- **WHAT THE TASK ASKS**: Find the line with "the final take" and the line with "Australia Native Animals" in the entries below; output exactly those two lines, every line between them, and no others.

- **INPUT RECORDS**:

★ ★ ★ ★ ★

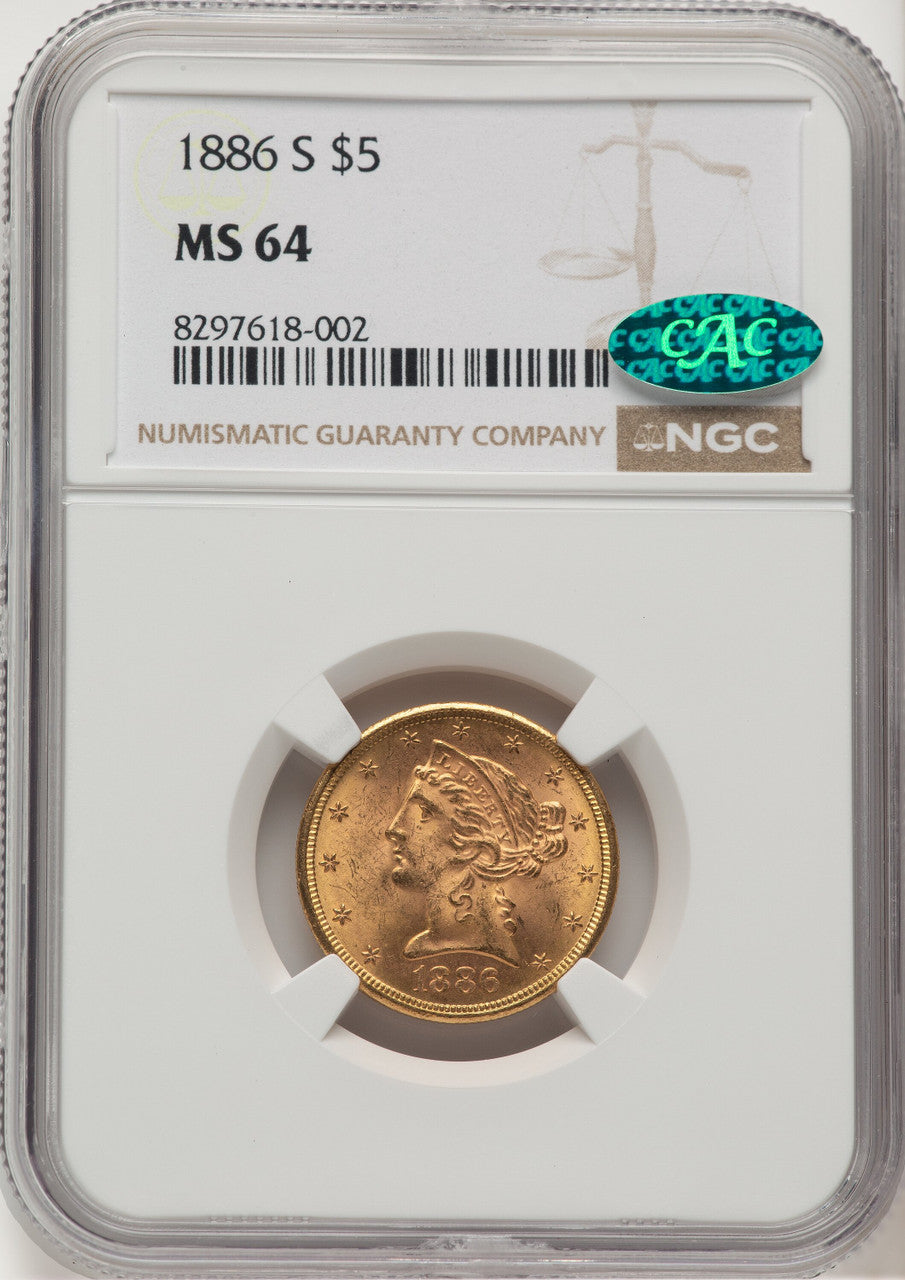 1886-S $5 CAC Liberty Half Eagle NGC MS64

★ ★ ★ ★ ★

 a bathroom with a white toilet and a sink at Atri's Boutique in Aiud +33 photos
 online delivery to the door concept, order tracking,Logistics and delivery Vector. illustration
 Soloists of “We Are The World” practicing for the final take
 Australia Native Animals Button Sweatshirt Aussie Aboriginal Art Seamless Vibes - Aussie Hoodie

★ ★ ★ ★ ★

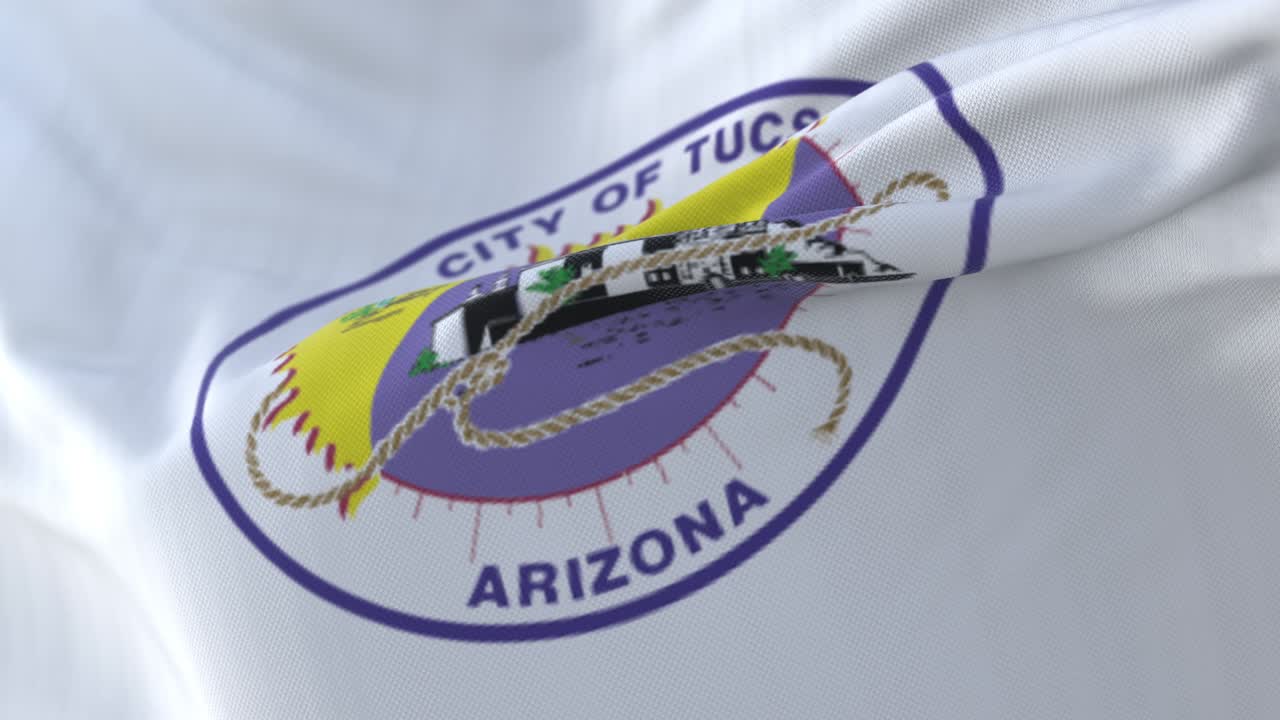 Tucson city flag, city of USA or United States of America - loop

★ ★ ★ ★ ★

- **RESULT BELOW**:
 Soloists of “We Are The World” practicing for the final take
 Australia Native Animals Button Sweatshirt Aussie Aboriginal Art Seamless Vibes - Aussie Hoodie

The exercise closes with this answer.